Create a Unique Index – MongoDB allows you to specify a unique constraint on an index. These constraints prevent applications from inserting documents that have duplicate values for the inserted fields. Additionally, if you want to create an index on a collection that has existing data that might have duplicate values for the indexed field, you may choose to combine unique enforcement with duplicate dropping.

Unique Indexes – To create a unique index, consider the following prototype

db.collection.ensureIndex( { a: 1 }, { unique: true } )

For example, you may want to create a unique index on the “tax-id”: of the accounts collection to prevent storing multiple account records for the same legal entity

db.accounts.ensureIndex( { “tax-id”: 1 }, { unique: true } )

The _id index is a unique index. In some situations you may consider using the _id field itself for this kind of data rather than using a unique index on another field. In many situations you will want to combine the unique constraint with the sparse option. When MongoDB indexes a field, if a document does not have a value for a field, the index entry for that item will be null. Since unique indexes cannot have duplicate values for a field, without the sparse option, MongoDB will reject the second document and all subsequent documents without the indexed field. Consider the following prototype.

db.collection.ensureIndex( { a: 1 }, { unique: true, sparse: true } )

You can also enforce a unique constraint on compound indexes, as in the following prototype

db.collection.ensureIndex( { a: 1, b: 1 }, { unique: true } )

These indexes enforce uniqueness for the combination of index keys and not for either key individually.

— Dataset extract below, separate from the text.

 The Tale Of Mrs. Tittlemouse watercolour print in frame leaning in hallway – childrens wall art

Drop Duplicates – To force the creation of a unique index on a collection with duplicate values in the field you are indexing you can use the dropDups option. This will force MongoDB to create a unique index by deleting documents with duplicate values when building the index. Consider the following prototype invocation of ensureIndex()

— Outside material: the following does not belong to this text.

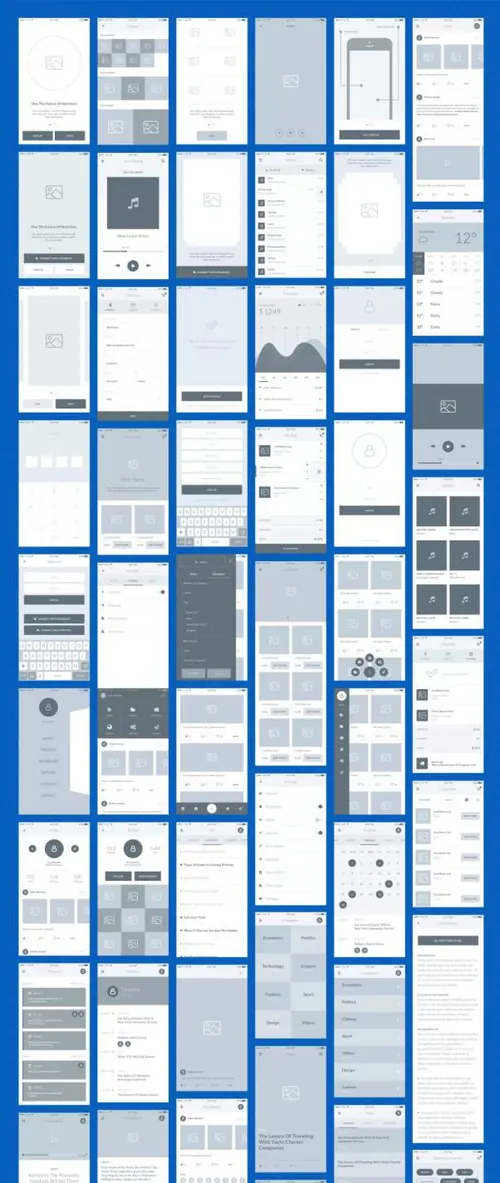 一套完美的APP Ui Kits原型绘制线框图下载[For Ai ,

db.collection.ensureIndex( { a: 1 }, { unique: true, dropDups: true } )

Specifying { dropDups: true } may delete data from your database. Use with extreme caution.

Create a Sparse Index – Sparse indexes are like non-sparse indexes, except that they omit references to documents that do not include the indexed field. For fields that are only present in some documents sparse indexes may provide a significant space savings.

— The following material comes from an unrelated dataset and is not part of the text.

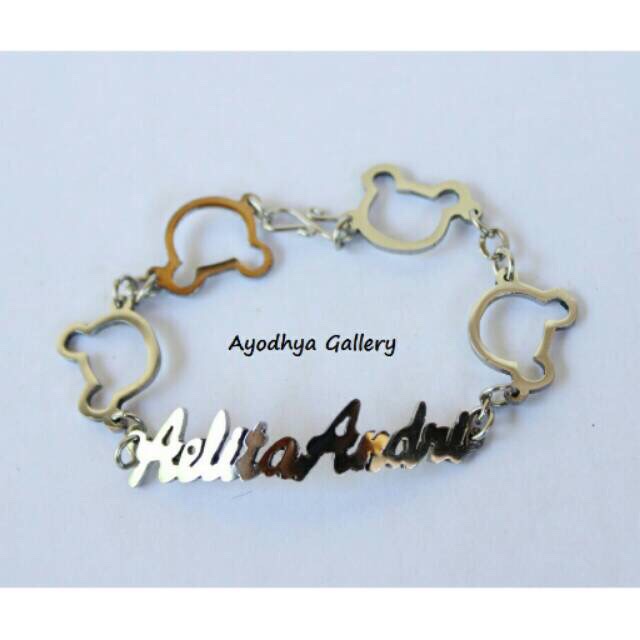 Gelang nama micky mouse / Karakter Gold / Silver Annisa Jewelry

Prototype – To create a sparse index on a field, use an operation that resembles the following prototype

db.collection.ensureIndex( { a: 1 }, { sparse: true } )

As an example, the following operation, creates a sparse index on the user’s collection that only includes a document in the index if the twitter_name field exists in a document.

db.users.ensureIndex( { twitter_name: 1 }, { sparse: true } )

The index excludes all documents that do not include the twitter_name field. Sparse indexes can affect the results returned by the query, particularly with respect to sorts on fields not included in the index.

Create a Hashed Index – It is new in version 2.4. Hashed indexes compute a hash of the value of a field in a collection and index the hashed value. These indexes permit equality queries and may be suitable shard keys for some collections. MongoDB automatically computes the hashes when resolving queries using hashed indexes. Applications do not need to compute hashes.

Procedure – To create a hashed index, specify hashed as the value of the index key, as in the following example to specify a hashed index on _id

db.collection.ensureIndex( { _id: “hashed” } )

MongoDB supports hashed indexes of any single field. The hashing function collapses sub-documents and computes the hash for the entire value, but does not support multi-key (i.e. arrays) indexes. You may not create compound indexes that have hashed index fields.

Build Indexes on Replica Sets – Background index creation operations become foreground indexing operations on secondary members of replica sets. The foreground index building process blocks all replication and read operations on the secondaries while they build the index. Secondaries will begin building indexes after the primary finishes building the index. In sharded clusters, the mongos will send ensureIndex() to the primary members of the replica set for each shard, which then replicate to the secondaries after the primary finishes building the index.

Considerations

  • Ensure that your oplog is large enough to permit the indexing or re-indexing operation to complete without falling too far behind to catch up.
  • This procedure does take one member out of the replica set at a time. However, this procedure will only affect one member of the set at a time rather than all secondaries at the same time.
  • Do not use this procedure when building a unique index with the dropDups option.

Procedure – If you need to build an index in a sharded cluster, repeat the following procedure for each replica set that provides each shard.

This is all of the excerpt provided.